The preface to this story was the swollen belly where life was nourished for nine months. This awe-filled, Divinely-orchestrated, mind-boggling span of growth. Dizzying mitosis takes us from two celled blob to an eye-lashed infant with opposable thumbs. Some mothers sit in rapt wonder at the process. I was too busy studying the inside of the nearest toilet. As the prenatal term drew to a close, I felt…unprepared. Not physically or logistically – I was surprisingly calm about the birthing process, and had read the requisite books (mostly to conform to some culturally-implemented ideal that new mothers must consume a certain ration of public opinion and advice before birthing can commence; also a cultural construct…that any of this reading will be worth a nickel once the screaming child is in arms). I washed the onesies and folded them neatly in the drawer, but I felt emotionally stunted. My detachment, neutrality even, was maddening. I enlisted the help of my sister – a veteran mom with three kids and another on the way. I sought encouragement and she delivered. Why, I asked, was there no flurry of excitement. No welling of anxiety. No wild love and unhindered connection to the life inside. “I’ve felt the same way” she assured me, “but trust me, once your little one is placed in your arms, you’ll feel it.”

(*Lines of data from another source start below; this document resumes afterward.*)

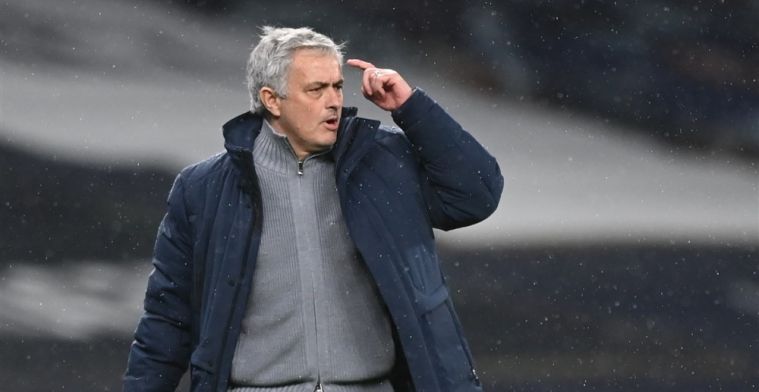 Mourinho stookt het vuurtje vast op: 'Trainer zijn bij Chelsea is niet moeilijk'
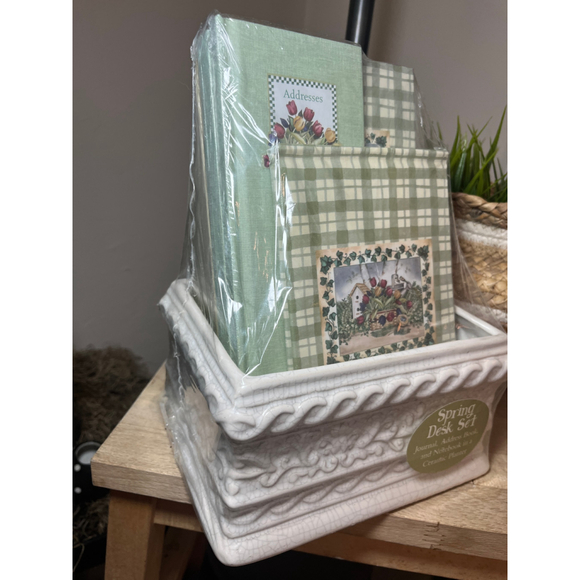 new seasons Other - Vintage Cottagecore Desk Set w Ceramic Planter – Floral Garden Stationery Organi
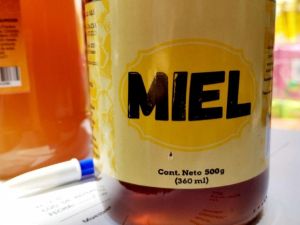 Prohíben la venta de una miel y juguitos congelados en Córdoba por irregularidades sanitarias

So I waited. Pregnancy passed like one surreal dream. Suddenly the dream – and the quiet – was punctuated by loud, hearty cries. She was here, and just like that we were parents. And I waited some more. For that feeling. That magical feeling you read about in books and watch on TLC shows. That feeling that deep down I know I was dreaming about all along. Expecting while I was expecting. But it didn’t come. Those first days, weeks, and even months I felt like I was caring for a stranger – nourishing, bathing, changing, rocking what seemed, at best, a distant relative. Flesh-and-blood instincts failed me, and I felt betrayed, and worse, guilty. I felt as though I had been denied that love-at-first sight experience that any good mother would surely feel. I willed myself to feel. To experience uninhibited love. Why is this so hard I lamented, shamefully at first?

I know now. God orchestrated all those emotions and experiences to demonstrate just how complete my love could become. And with less than two weeks to go until the birthday descends on our abode, I can’t find the words to say how much I love her. To the moon and back sounds like a good start (thanks Sam McBratney). Motherhood is all those things you’d expect. All the things the books tell you. Exhausting and terrifying and hilarious and wonderful. But it’s more. More in ways that I can’t describe and could never have imagined. I love her so much I ache. I love her so much I just want to squeeze her little body so close to me that we morph into one. I want to bottle her toddler smell to spritz in years to come when she smells like hairspray and nailpolish. I want my skin to forever imprint the feel of her soft hair under my lips each night as I whisper lullabies. All this still fails to describe my love. It is unspeakable. And ultimately, it gives us a glimpse into the spiritual realm where we grapple to comprehend “how wide and long and high and deep is the love of Christ.” (Ephesians 3:18)

And so, just like Mary, I treasure and ponder and hold all these things close to my heart.